Economic Events
- 08:00: (AU) RBA’s Plumb-Speech
- 09:00: (AU) RBA’s Hauser, Jones, McPhee-Testimony
- 10:30: (AU) Australia to Sell A$2 Billion 119-Day Bills
- 10:30: (AU) Australia to Sell A$1 Billion 70-Day Bills
- 11:00: (AU) Australia to Sell A$150 Million 2% 2035 Inflation-Linked Bonds
- 11:30: (AU) 4Q Private Capital Expenditure, est. 0.5%, prior 1.1%
The world’s largest technology shares whipsawed in late hours as Nvidia Corp.’s outlook failed to inspire investors waiting for more.
A $330 billion exchange-traded fund tracking the Nasdaq 100 (QQQ) fluctuated after the close of regular trading. The giant chipmaker that’s seen as a barometer for AI gave a bullish revenue forecast for the current quarter, but gave up an initial rally that followed its results.
Sales will be about $43 billion in the fiscal first quarter, which runs through April, the company said. Analysts had estimated $42.3 billion on average, with some projections ranging as high as $48 billion. Gross profit margins also will be a bit short of projections.
“On an absolute basis, the Nvidia report is solid/fine, although not perfect, with the shortfall in networking sales and weak GM guidance both blemishes that offset in part the extremely robust demand for Blackwell,” wrote Adam Crisafulli at Vital Knowledge.

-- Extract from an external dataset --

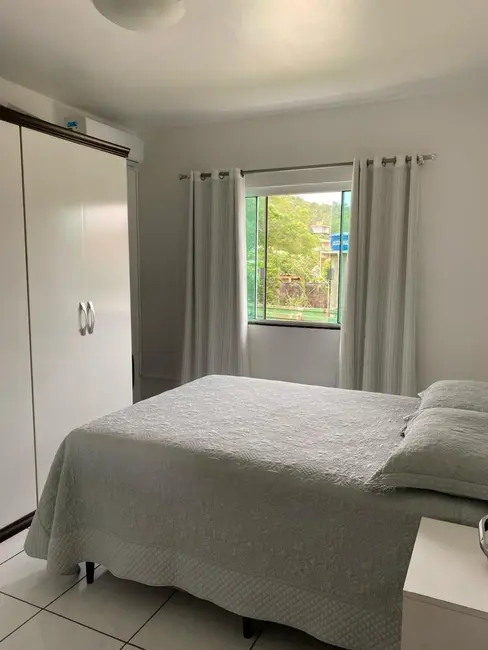 Foto 7 de Casa com 3 quartos à venda, 105m2 em Centro, Garopaba - SC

To Derren Nathan Hargreaves Lansdown, Nvidia has swept aside concerns about production of its Blackwell chips, and threats to the boom in demand for computing power with top and bottom line beats for the fourth quarter, and guidance for the current quarter ahead of expectations.
“The shares were up strongly in anticipation of a good out turn, so perhaps little surprise that slightly softer-than-expected gross margin guidance has kept a lid on a further big uplift in after-hours trading,” he said.
In the run-up to Nvidia’s results, stocks churned as traders processed a barrage of statements from President Donald Trump on trade policy. Bonds climbed after a solid $44 billion auction of seven-year notes.
The S&P 500 was little changed. The Nasdaq 100 added 0.2%. The Dow Jones Industrial Average slid 0.4%.
The yield on 10-year Treasuries fell four basis points to 4.25%. The dollar rose 0.1%.